The owner of a New Zealand scarf that caught my eye turned out to be a London School of Economics student called Holly who was there with a group including Josh, a young man who had visited Abkhazia recently and was wearing the only t-shirt I have ever seen in which Georgian dumplings were a prominent design feature.

"It is more like Cuba than Cuba," he told me.

The tournament has attracted interest with healthy crowds in and around London ©Getty Images
The tournament has attracted interest with healthy crowds in and around London ©Getty Images

"It was a little more off the beaten track than we expected." 

It all added up to a cosmopolitan, carnival atmosphere at a lower-league English ground which, as home of a cheery, supporter-owned club, was probably the ideal place to accommodate it.

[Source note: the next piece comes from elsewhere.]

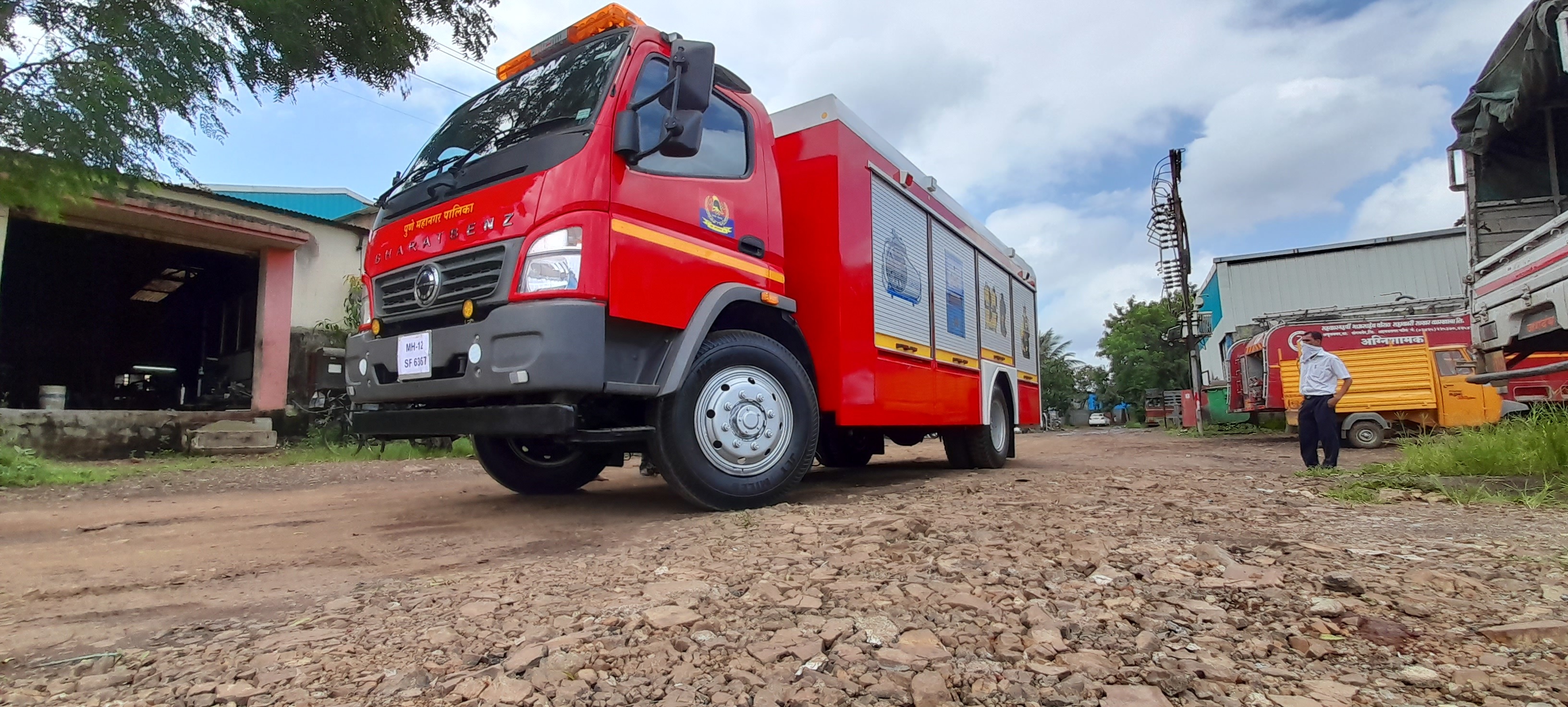 Red B A Van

The afternoon ended with a grinning Tibetan jigging along to Northern Cypriot folk music pounded out indefatigably by a wandering drum-and-zurna duo.

The neutrals, meanwhile, were starting to take an interest in the destiny of the competition.

"Panjab are losing to Western Armenia 1-0," announced one.

This was not, all things considered, a sentence I ever expected to hear at a venue usually associated with the Premier Division of the Bostik League.